Ellen Widdup’s 2.4 Children

I bet you can hardly contain your excitement. There are just four more days to get through and then – high-pitched shriek of joy – it’s party time.

Yes! The hotly anticipated, fun-packed blow out that is New Year’s Eve is soon to be upon us.

But, if we’re honest, is it really all it’s cracked up to be?

If my experience of December 31 celebrations are anything to go by, I would answer that with a resounding “no”.

There was 1996, the year I got vomited on at the stroke of midnight in an overpriced bar in north London.

Not pretty.

There was 1997, when I stood on the freezing streets for three hours in a skimpy dress trying to find a cab home.

Not pleasant.

Oh yes, and there was 1998 – the time I managed to lock myself out of my own house party minus shoes in minus temperatures.

Not funny.

And let’s not forget the turn of the Millennium, a night which amplified everything which is so dire about New Year’s Eve by a factor of about one million.
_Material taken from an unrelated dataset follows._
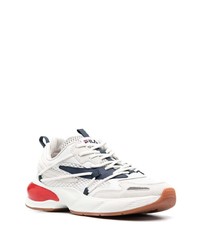 Chaussures de sport blanc et rouge et bleu marine Fila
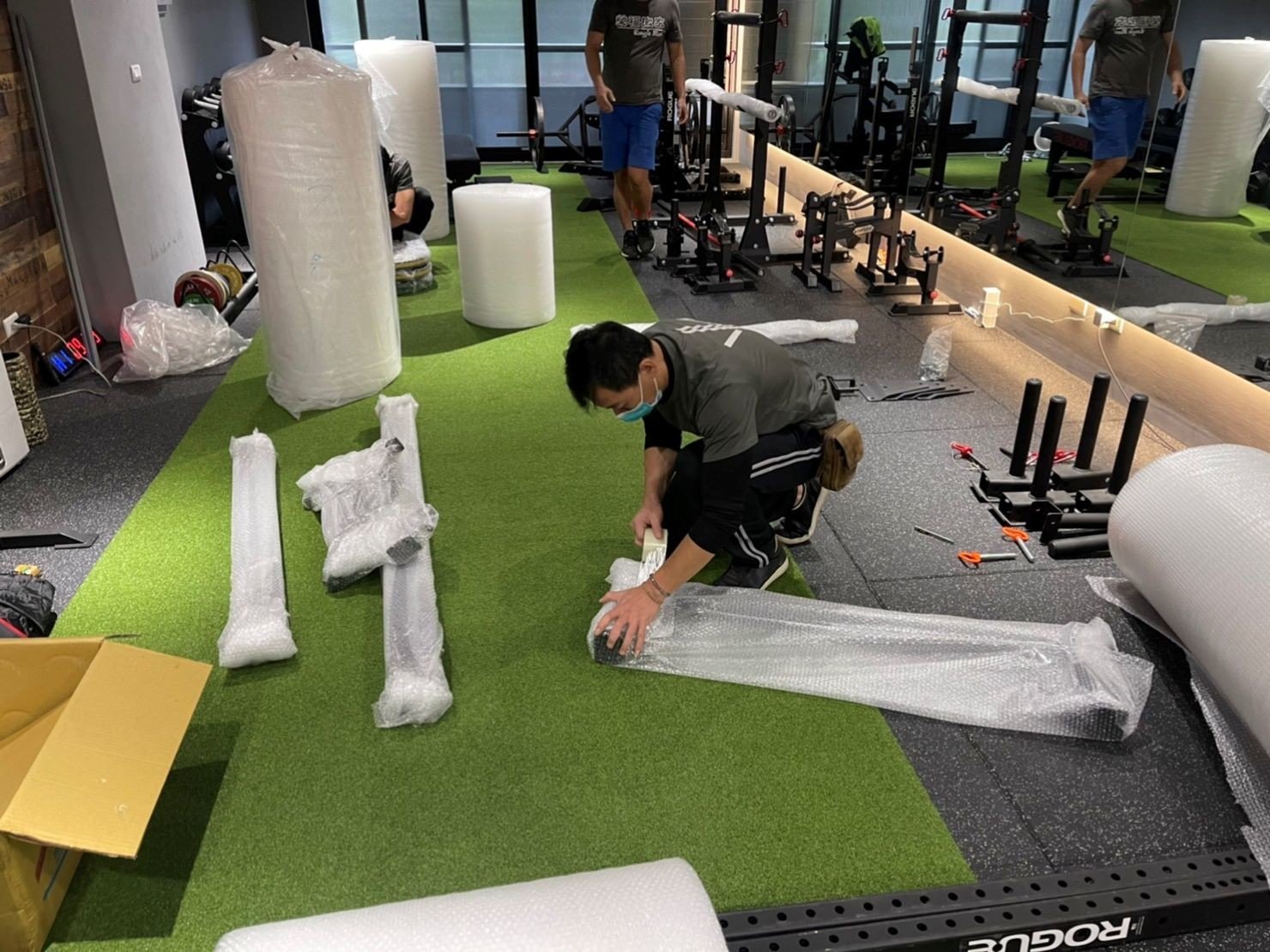 台北搬健身器材、南港搬健身器材、新北搬健身器材、雙北搬健身器材、汐止搬健身器材、中永和搬健身器材、板橋搬健身器材、五股搬健身器材、基隆搬健身器材、桃園搬健身器材、專業健身器材搬運推薦【榮福搬家公司】各項運動器材倉儲暫放、各項健身器材精緻包裝、各項健身器材精緻包裝倉儲暫放、運動器材設備搬運、搬居家跑步機、搬滑步機、搬橢圓機、搬跑步機、搬深蹲架、搬種訓架、各式居家搬運動設備、重量深蹲架、健身房運動器材搬運【榮福搬家】具各項搬運設備及搬運動器材知識與技巧,也有各項物件拆裝的專門技能,破百公斤的設備器材、「專業搬運、用心服務、以客為尊」是榮福搬家公司的宗旨與精神。歡迎立即來電02-2651-2727專人服務。 台北搬健身器材、南港搬健身器材、新北搬健身器材、雙北搬健身器材、汐止搬健身器材、中永和搬健身器材、板橋搬健身器材、五股搬健身器材、基隆搬健身器材、桃園搬健身器材、專業健身器材搬運推薦【榮福搬家公司】各項運動器材倉儲暫放、各項健身器材精緻包裝、各項健身器材精緻包裝倉儲暫放、運動器材設備搬運、搬居家跑步機、搬滑步機、搬橢圓機、搬跑步機、搬深蹲架、搬種訓架、各式居家搬運動設備、重量深蹲架、健身房運動器材搬運【榮福搬家】具各項搬運設備及搬運動器材知識與技巧,也有各項物件拆裝的專門技能,破百公斤的設備器材、「專業搬運、用心服務、以客為尊」是榮福搬家公司的宗旨與精神。歡迎立即來電02-2651-2727專人服務。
There I was, squashed up against the other revellers on the banks of the Thames, choking on the smoke from the fireworks and being showered with flying spittle from Auld Lang Syne when, all of a sudden, a man in front of me died.

That’s right. He literally dropped dead.

Actually, he didn’t quite drop because he was held up by the crush of the crowd.

He gripped his heart, spasmed and slumped.

It was awful. Horrible.

And it took the paramedics 40 minutes to reach him during which time I suffered a full-blown panic attack.

I haven’t really done NYE properly ever since.

A few drinks with friends, the odd low-key dinner party, but nothing more.

In fact it was quite a relief when I became a parent – it gave me a ready-made excuse not to partake, I thought.

After all, who can afford the babysitter on top of the double-price taxis and the bar price hike?

And who can keep awake until midnight for another thing?

This year however, we have been invited to a bash – and the kids can come too.

“It will be fun,” cajoled my husband.

This is the man who is inexplicably Bah Humbug every Christmas but for some reason appears to relish the grotesque forced jollity of New Year’s Eve.

He is one of those who exhibits that puerile determination that everyone is going to have the time of their lives simply because we are moving from one year to the next.

“Just forget it’s New Year and think of it as a big night out,” he said.

“I wish it were that simple,” I replied.

I suppose I could forget it was December 31 if I tried hard enough.

The trouble is nobody else would, so I would have to endure all that I hate about it anyway.”

“Well, what is it you hate so much?” he asked.

Without any difficulty at all, I hastily made him this list:

1) The cost.

I’ve touched on this already but he’s from Yorkshire so money matters.

So much so, it might even win me the excuse to stay indoors and have an early night.

2) The designated driver.

Nobody wants this job, and for good reason.

3) The prescribed rituals.

Does anyone actually know all the words to Auld Lang Syne?

4) The kiss.

One of these rituals. Yes, it’s an expected part of the midnight moment. Yet always, without fail, I’m left deprived of lips to lock with.

Usually this is because my other half has fallen asleep, is unwell or at the bar.

5) The queues.

Correct me if I’m wrong but I can’t see why celebrating the date going from the 31st to the 1st warrants queuing six deep at a bar full of leery, beery men sloshing Jagermeister over my nice new dress.

6) The drunks.

Those people who do not know when to stop. Those who vomit. Those who slur. Those who fall over. Those who fall asleep. Those who make inappropriate jokes. Those I become responsible for.

I’m talking to my husband here, of course.

7) The terror of town.

Britain turns into a hellish pub crawl of doom.

There are men slumped in the gutter and under-dressed women with acres of goose pimpled puce-coloured flesh swearing at each other in the street.

Spare me, please!

8) Getting home.

You can’t. Once you’re in town, you can’t escape. It’s like being trapped in a massive full-scale version of Take Me Out.

I can almost hear Paddy McGuinness now. “Let the hanky see the panky.”

Well Paddy, no likey, no lighty.

(Sorry, I lost myself there for a little moment.)

9) Jools Holland.

Do I need to elaborate?

10) Children.

I don’t care if they are old enough to party. Who wants them around past 8pm?

Besides which, if they are anything like mine, a late bedtime will do nothing to prevent them bounding into our bedroom at the crack of dawn and the rest of the day will be a blur of tiredness and temper tantrums.

11) False Optimism.

That’s right, as soon as Big Ben strikes 12 your slate will be wiped clean. The Etch-A-Sketch has been shaken, your past erased. This is your chance to reboot and redouble your efforts.

But what about if you tried really hard last year?

And why make promises you know that you will never keep?

12) Your hangover.

It will hurt. A lot. Trust me on this one.

And finally, perhaps above all, I hate the pressure to conform. There are better, cheaper and more enjoyable times to party.

So why not go wild and celebrate on a different date entirely?

After all, if you ask me, NYE parties are so last year.